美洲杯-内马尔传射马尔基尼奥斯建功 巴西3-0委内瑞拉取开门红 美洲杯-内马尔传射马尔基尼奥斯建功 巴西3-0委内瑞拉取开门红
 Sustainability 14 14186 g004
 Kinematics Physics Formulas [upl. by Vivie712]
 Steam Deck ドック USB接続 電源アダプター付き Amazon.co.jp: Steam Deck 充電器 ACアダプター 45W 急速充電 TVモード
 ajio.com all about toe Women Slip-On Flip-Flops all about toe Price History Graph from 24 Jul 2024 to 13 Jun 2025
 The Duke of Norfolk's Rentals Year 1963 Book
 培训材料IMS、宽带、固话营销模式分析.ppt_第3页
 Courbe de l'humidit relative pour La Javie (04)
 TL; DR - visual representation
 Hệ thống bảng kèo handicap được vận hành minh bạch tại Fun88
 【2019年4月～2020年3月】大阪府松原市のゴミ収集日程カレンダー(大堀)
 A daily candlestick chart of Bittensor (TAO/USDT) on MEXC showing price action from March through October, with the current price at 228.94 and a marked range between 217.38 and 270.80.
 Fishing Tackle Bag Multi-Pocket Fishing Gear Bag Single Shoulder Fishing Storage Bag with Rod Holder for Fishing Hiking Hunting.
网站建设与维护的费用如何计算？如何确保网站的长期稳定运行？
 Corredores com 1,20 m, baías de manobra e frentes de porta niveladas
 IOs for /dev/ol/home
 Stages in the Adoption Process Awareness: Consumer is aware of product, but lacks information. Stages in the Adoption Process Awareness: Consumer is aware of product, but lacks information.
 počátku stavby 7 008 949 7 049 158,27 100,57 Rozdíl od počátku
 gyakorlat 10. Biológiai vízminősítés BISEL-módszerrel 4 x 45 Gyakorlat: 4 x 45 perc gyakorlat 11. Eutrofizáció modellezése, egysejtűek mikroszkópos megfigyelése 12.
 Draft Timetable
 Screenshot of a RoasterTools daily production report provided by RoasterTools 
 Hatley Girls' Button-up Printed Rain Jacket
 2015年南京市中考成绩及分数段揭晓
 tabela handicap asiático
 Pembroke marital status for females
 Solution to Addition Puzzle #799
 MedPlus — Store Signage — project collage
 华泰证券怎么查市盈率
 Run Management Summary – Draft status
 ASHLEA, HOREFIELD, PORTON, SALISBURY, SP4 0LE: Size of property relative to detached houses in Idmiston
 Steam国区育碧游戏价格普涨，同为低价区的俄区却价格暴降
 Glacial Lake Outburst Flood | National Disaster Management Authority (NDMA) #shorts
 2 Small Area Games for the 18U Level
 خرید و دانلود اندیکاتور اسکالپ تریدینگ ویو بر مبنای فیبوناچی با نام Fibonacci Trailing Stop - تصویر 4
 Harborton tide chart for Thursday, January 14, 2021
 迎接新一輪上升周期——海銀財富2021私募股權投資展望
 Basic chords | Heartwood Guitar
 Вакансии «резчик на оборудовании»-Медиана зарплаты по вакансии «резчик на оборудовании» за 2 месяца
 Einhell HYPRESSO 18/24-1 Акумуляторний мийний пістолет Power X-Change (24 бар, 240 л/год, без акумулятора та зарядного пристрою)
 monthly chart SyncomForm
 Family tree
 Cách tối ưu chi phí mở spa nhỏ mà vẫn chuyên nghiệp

····················

THE PROBLEM: Copy exactly the lines running from the one that holds "Basic chords | Heartwood Guitar" to the last line of the listing above. Include both of those lines.

RESULT BELOW:
 Basic chords | Heartwood Guitar
 Вакансии «резчик на оборудовании»-Медиана зарплаты по вакансии «резчик на оборудовании» за 2 месяца
 Einhell HYPRESSO 18/24-1 Акумуляторний мийний пістолет Power X-Change (24 бар, 240 л/год, без акумулятора та зарядного пристрою)
 monthly chart SyncomForm
 Family tree
 Cách tối ưu chi phí mở spa nhỏ mà vẫn chuyên nghiệp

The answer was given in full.